I read that short stories often don’t have subplots, becuse of their length.

What are some full-length novels with no subplots?

How closely are you defining a subplot? I just reread Stephen King’s 'Salem’s Lot, and I would say the only plot is “OMFG, this town has vampires in it!”

There is a love story, I guess, between two characters, but even that is moving the OMFG vampires story along. Is the love story a subplot?

A Clockwork Orange? I can’t think of a thing going on except the narrator telling what has happened to him.

Rosemary’s Baby. Everything in that book is a masterful, singular plot.

On the Road. A string of days in the life of Jack Kerouac. It’s stretching just a bit to say it has a plot at all, let alone a subplot.

Though, on reflection, the adventures of Dean Moriarity, glimpsed as they are, do invite the reader to imaging a subordinate parallel narrative. This narrative isn’t expressly conveyed, though; I don’t think it counts.

ETA: Bright Lights, Big City. No subplot there, though it’s a short book and, as such, I’m not sure it counts.

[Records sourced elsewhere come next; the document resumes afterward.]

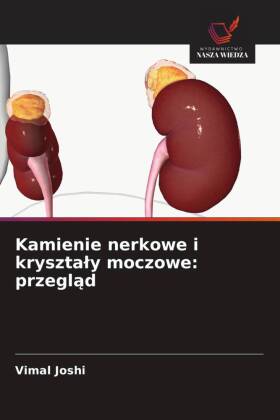 Kamienie nerkowe i krysztaly moczowe: przeglad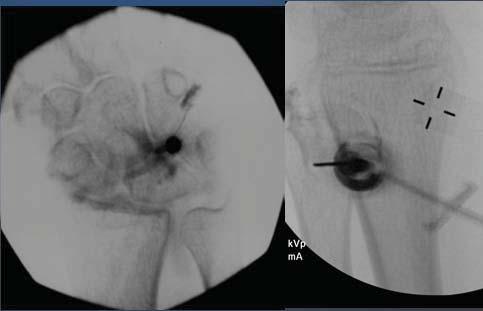 arthropathies Radiographs are helpful for providing prognostic and baseline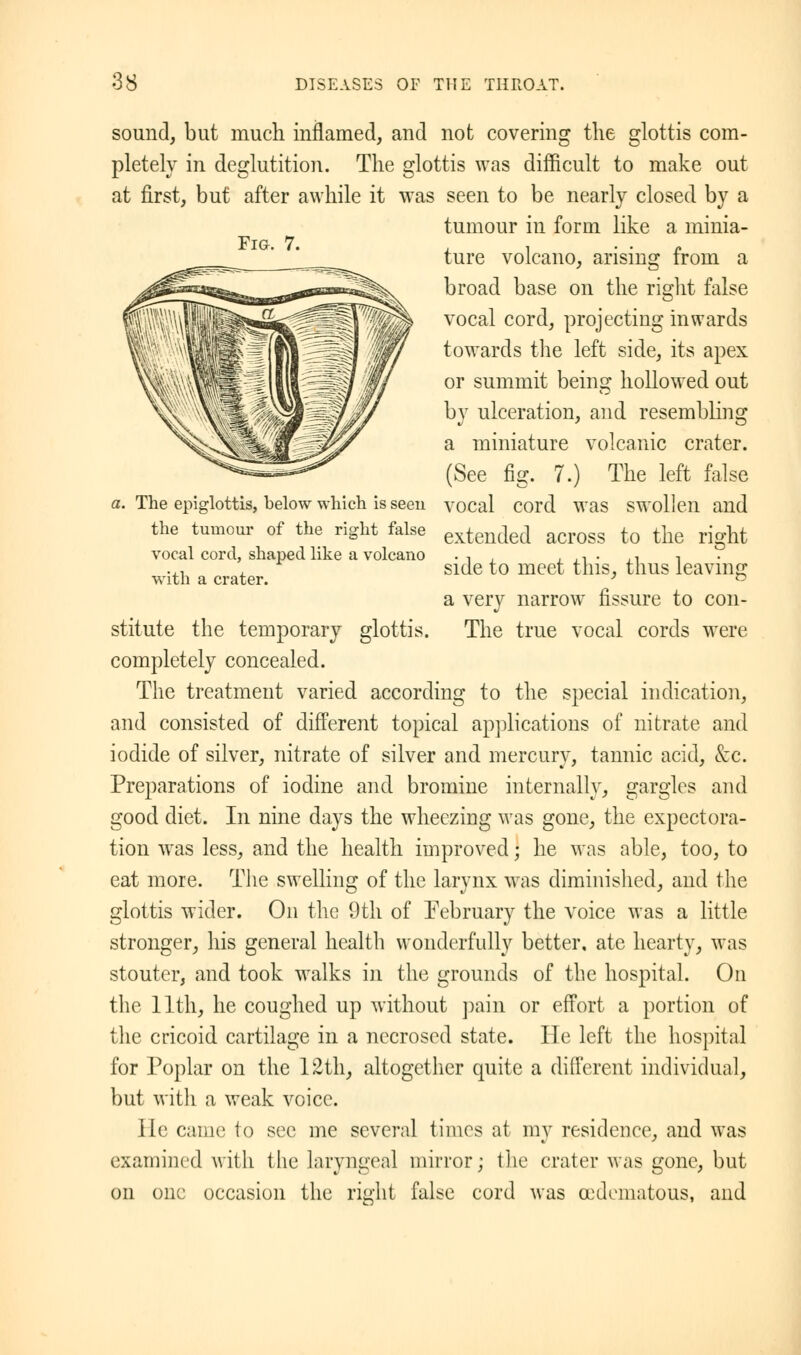 Fig. 7. sound, but much inflamed, and not covering the glottis com- pletely in deglutition. The glottis was difficult to make out at first, but after awhile it was seen to be nearly closed by a tumour in form like a minia- ture volcano, arising from a broad base on the right false vocal cord, projecting inwards towards the left side, its apex or summit being hollowed out by ulceration, and resembling a miniature volcanic crater. (See fig. 7.) The left false vocal cord was swollen and extended across to the right side to meet this, thus leaving a very narrow fissure to con- The true vocal cords were The epiglottis, below which is seen the tumour of the right false vocal cord, shaped like a volcano with a crater. stitute the temporary glottic completely concealed. The treatment varied according to the special indication, and consisted of different topical applications of nitrate and iodide of silver, nitrate of silver and mercury, tannic acid, &c. Preparations of iodine and bromine internally, gargles and good diet. In nine days the wheezing was gone, the expectora- tion was less, and the health improved; he was able, too, to eat more. The swelling of the larynx was diminished, and the glottis wider. On the 9th of February the voice was a little stronger, his general health wonderfully better, ate hearty, was stouter, and took walks in the grounds of the hospital. On the 11th, he coughed up without pain or effort a portion of the cricoid cartilage in a necrosed state. He left the hospital for Poplar on the 12th, altogether quite a different individual, but with a weak voice. He came to see me several times at my residence, and was examined with the laryngeal mirror; the crater was gone, but on one occasion the right false cord was (Edematous, and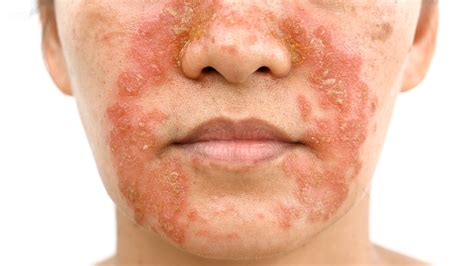 Skin Rash On One Side Of Face | Allergy Trigger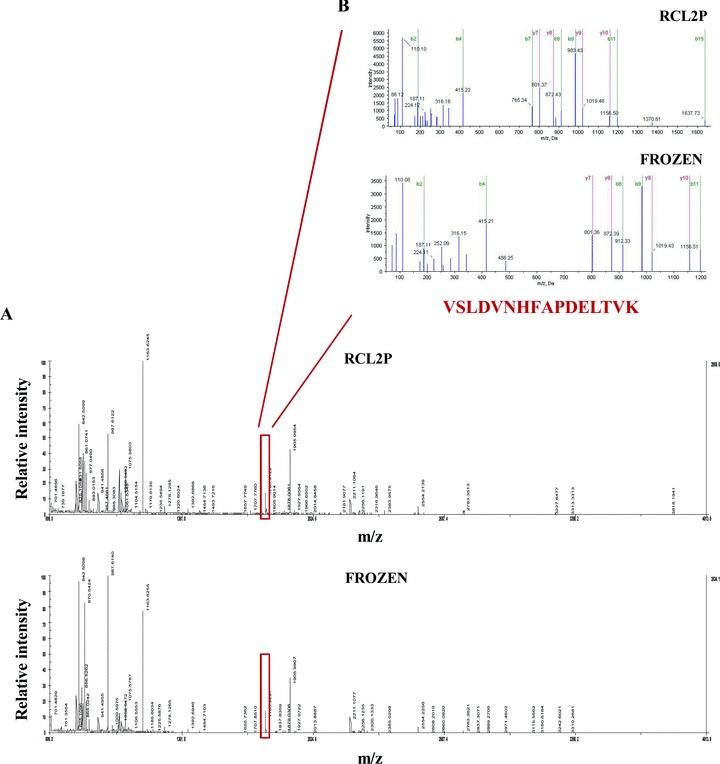 https://cdn.ncbi.nlm.nih.gov/pmc/blobs/31da/4506168/9b05d5fe384a/jcmm0012-2027-f3.jpg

Room? It’s all just “what happened” told from the perspective of a five year old - there are nuances but not what I’d call subplots, just things you pick up on that a five year old doesn’t.

I’m not sure the Daphne DuMaurier novel Rebecca has a subplot. There really is just the one main story and its gradual revelation.

Hemmingway’s The Sun Also Rises sure didn’t seem to have any subplots when I read it. Nor, for that matter, any main plot.

I don’t remember Fahrenheit 451 having any subplot.

I don’t think this question is answerable without a strict definition of “subplot”. Otherwise it’s going to be largely a matter of individual interpretation of what counts as a subplot. For instance, it’s been years since I read Fahrenheit 451, but I’d consider Montag’s friendship with Clarisse a subplot.

Moby Dick seemed rather focused on Captain Ahab’s pursuit of a whale.

Kafka’s Metamorphosis?

Yeah, and that large middle section regarding the procedures for whaling, as if Melville were writing a how-to book, in the grandest, floweriest style.

So maybe we really do need a stricter definition of what a subplot is.

Fellowship of the Ring.

That’s a novella. I don’t think it’s even 100 pages long.

In Fahrenheit 451, I’d consider the war to be a subplot, albeit one that has a big impact on the resolution. The main plot is Guy’s growth of appreciation of books, and that could have happened without the war.

The Catcher in the Rye

IIRC, Arthur Nersesian’s The Fuck-Up has no subplots and is just the story of one guy’s crazy day.

Epistolary novels usually don’t have subplots.

Edit: Speaking of Bradbury, Something Wicked This Way Comes doesn’t really have subplots, just the main plot as experienced by three different characters.

It is difficult to define subplot. I just finished Greene’s The Power and the Glory. I can’t decide if the Lieutenant’s story is a subplot or part of the Whisky Priest’s plot, or both. Even for the few novels that have already been mentioned it is ambiguous. I think the dad and the boys have separate plots that intersect in Something Wicked; ditto for Ahab and Ishmael in Moby Dick.

One Day in the Life of Ivan Denisovich by Aleksandr Solzhenitsynis about one day in the life of Ivan Denisovich. No subplots.

I suspect some would argue that The Catcher in the Rye doesn’t even have A plot, although I don’t agree. I would say it has multiple subplots though, like everything that happens at school at the beginning, Holden’s failed attempts to get laid in NYC, and his search for the record for his sister/his whole relationships with his sister.